Problem requirements => Below is a listing. Set down exactly the lines from the one containing "Bracelet Feng shui" through the one containing "FBI Cincinnati Men's", both ends included, and leave out the rest.

Data records =>
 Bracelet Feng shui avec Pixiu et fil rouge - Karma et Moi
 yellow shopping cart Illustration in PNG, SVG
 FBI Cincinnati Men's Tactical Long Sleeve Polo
...
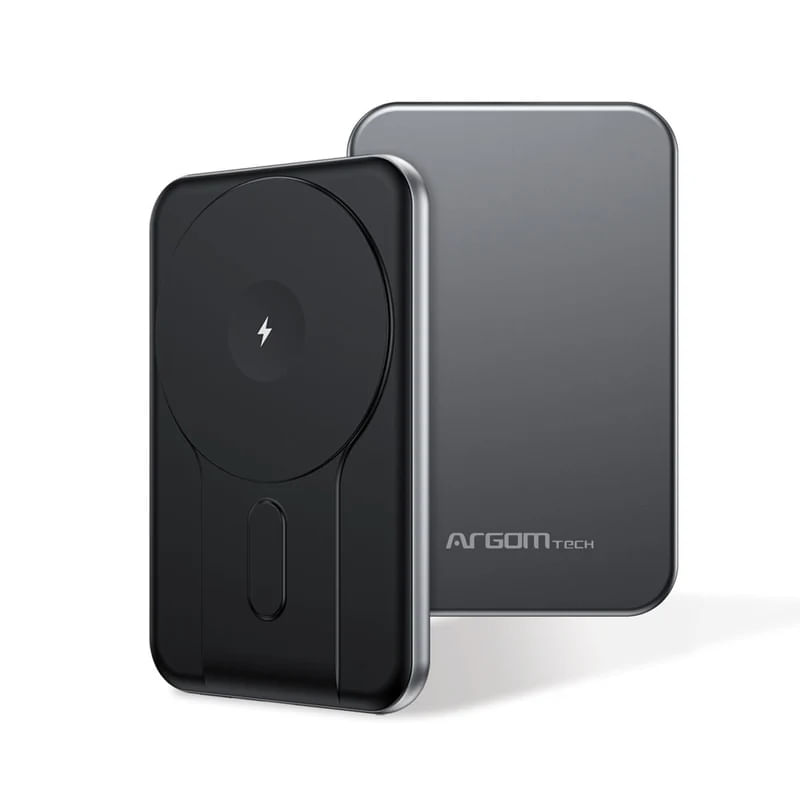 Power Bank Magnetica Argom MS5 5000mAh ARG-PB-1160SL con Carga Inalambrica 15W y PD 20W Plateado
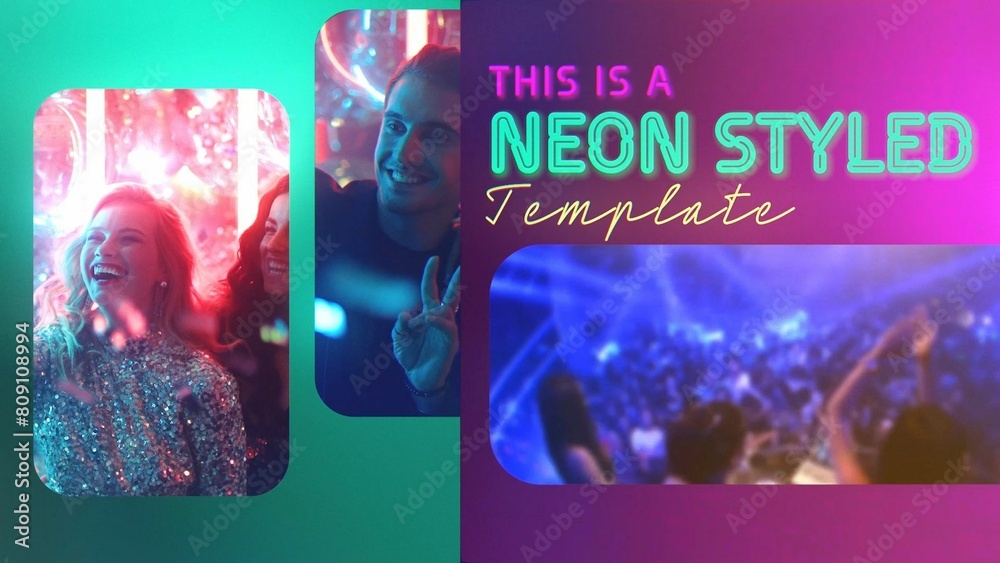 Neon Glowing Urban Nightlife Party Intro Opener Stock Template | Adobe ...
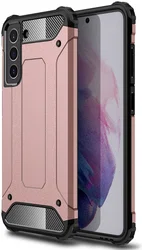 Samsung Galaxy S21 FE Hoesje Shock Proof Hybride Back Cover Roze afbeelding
...
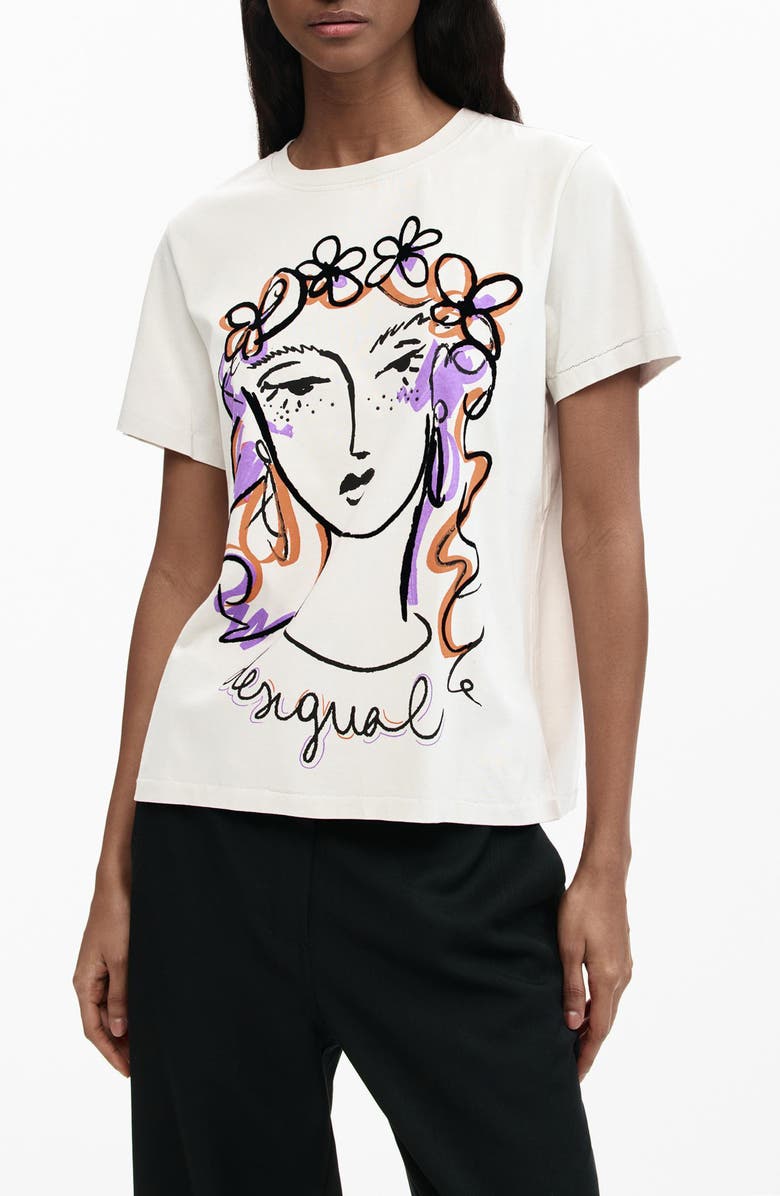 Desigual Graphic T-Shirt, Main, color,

Exercise result =>
 Bracelet Feng shui avec Pixiu et fil rouge - Karma et Moi
 yellow shopping cart Illustration in PNG, SVG
 FBI Cincinnati Men's Tactical Long Sleeve Polo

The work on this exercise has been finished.